Kami bertanya : Wahai
Rasulullah, apakah itu subhatul hadits? Beliau menjawab:
الْقَوْمُ يَتَحَدَّثُونَ وَالرَّجُلُ
يُسَبِّحُ
Keadaan dimana
seseorang bertasbih (shalat sunnah) ditengah-tengah orang-orang yang mengobrol.
Kami bertanya lagi :
“Apakah itu tahdzif, Wahai Rasul?” beliau menjawab :
الْقَوْمُ يَكُونُونَ بِخَيْرٍ فَيَسْأَلُهُمُ
الْجَارُ وَالصَّاحِبُ، فَيَقُولُونَ نَحْنُ بِشَرٍّ , يَشْكُونَ
Suatu kaum yang
berada dalam kondisi (ekonomi) baik-baik, namun saat orang-orang ditanya oleh
tetangga dan handai taulan mereka menjawab: kami dalam kondisinya tidak baik,
merekapun mengadu. [HR Thabrani]
Maksud dari “yusabbih”
dalam hadits tersebut adalah shalat nafilah (sunnah) dan maksud dari “Tahdzif”
yang berarti menghapus atau memotong, adalah mengingkari nikmat Allah sehingga
dengan demikian mereka telah menghapus semua kebaikan dan kenikamatan yang
telah diberikan Allah kepada mereka dengan mengingkarinya. [Jami’ul Ahadits]
Dan dalam hadits
lain, Abdullah Ibnu Mas’ud RA meriwayatkan bahwa Rasul SAW bersabda :
ذَاكِرُ اللَّهِ فِي الْغَافِلِينَ
بِمَنْزِلَةِ الصَّابِرِ فِي الْفَارِّينَ
Orang yang mengingat
Allah di kalangan orang-orang yang lalai, itu layaknya orang yang sabar
(bertahan di medan perang) di kalangan orang-orang yang lari dari medan perang. [HR Thabrani]
Namun sampai di sini
ada yang janggal yaitu adanya hadits nabi SAW :
أَفْضَلُ الصِّيَامِ بَعْدَ رَمَضَانَ
شَهْرُ اللَّهِ الْمُحَرَّمُ
Puasa yang paling
utama setelah ramadhan adalah puasa muharram [HR Muslim]
Nah, jika puasa
sunnah terbaik adalah muharram lantas mengapa rasul memperbanyak puasa sya’ban
melebihi bulan lainnya?

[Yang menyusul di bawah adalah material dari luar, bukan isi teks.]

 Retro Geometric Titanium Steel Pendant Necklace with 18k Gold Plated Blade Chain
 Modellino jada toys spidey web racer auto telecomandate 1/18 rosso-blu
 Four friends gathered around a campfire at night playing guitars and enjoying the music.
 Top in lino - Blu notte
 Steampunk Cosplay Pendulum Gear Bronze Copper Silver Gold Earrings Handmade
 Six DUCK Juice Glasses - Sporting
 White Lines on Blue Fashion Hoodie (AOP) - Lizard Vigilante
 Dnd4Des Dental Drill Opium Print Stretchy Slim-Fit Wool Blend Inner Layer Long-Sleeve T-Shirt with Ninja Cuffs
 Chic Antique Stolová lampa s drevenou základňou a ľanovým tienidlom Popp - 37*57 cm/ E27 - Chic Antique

Imam Nawawi menjawab :
لعله لم يعلم فضل المحرم إلا في آخر
الحياة قبل التمكن من صومه ، أو لعله كان يعرض فيه أعذار تمنع من إكثار الصوم فيه كسفر
ومرض وغيرهما ،.
Boleh jadi Rasul
belum mengatahui keutamaan puasa bulan muharram kecuali pada masa akhir hayat
beliau sehingga beliau belum sempat melakukannya. Atau juga karena di bulan
muharram terdapat halangan-halangan seperti bepergian, sakit dan lainnya
sehingga beliau tidak bisa memperbanyak puasa di bulan muharram. [Al-Minhaj]
Namun ada hal yang
perlu diperhatikan yaitu kesunnahan puasa ini terus berlaku sampai pertengahan
bulan sya’ban. Jika sudah lewat pertengahan maka berlaku hadits berikut :
إِذَا انْتَصَفَ شَعْبَانُ فَلاَ تَصُومُوا
“Jika
tersisa separuh bulan Sya’ban, maka janganlah berpuasa.” [HR. Tirmidzi]
Berdasar hadits
tersebut yang dinilai shahih oleh ibnu hibban, sayyed bakri berpendapat bahwa
haram hukumnya berpuasa pada tanggal 16 Sya’ban dst. Namun keharaman ini
berlaku bila puasa tersebut tidak disambungkan dengan puasa pada hari
sebelumnya (15 Sya’ban). Jadi, jika disambungkan dengan puasa pada tanggal 15
dan disambung dengan puasa hari setelahnya hingga tanggal 30 Sya’ban maka tidak
lagi dihukumi haram. Boleh juga berpuasa tanggal 16 Sya’ban dst juga bagi orang
yang terbiasa puasa senin-kamis, puasa daud atau puasa qadha’ (baik qadha’ dari
puasa wajib maupun qadha’ dari puasa sunnah), nadzar atau kifarat. Pengecualian
ini dikarenakan ada hadits shahih yaitu :
لاَ يَتَقَدَّمَنَّ أَحَدٌ الشَّهْرَ
بِيَوْمٍ وَلاَ يَوْمَيْنِ إِلاَّ أَحَدٌ كَانَ يَصُومُ صِيَامًا قَبْلَهُ فَلْيَصُمْهُ
Janganlah seseorang
mendahului Ramadhan dengan berpuasa satu atau dua hari sebelumnya, kecuali bagi
seseorang yang terbiasa mengerjakan puasa sebelumnya maka hendaklah ia (terus)
berpuasa. [HR. Abu Daud]
Adapun puasa nadzar,
qadla, kaffarat itu dikecualikan dengan dasar qiyas dengan jami’ berupa sebab. [I’anatut
Thalibin] Wallahu A’lam. Semoga Allah Al-Bari senantiasa memberikan kepada kita
kekuatan untuk meneladani ibadah yang dicontohkan oleh baginda Nabi SAW.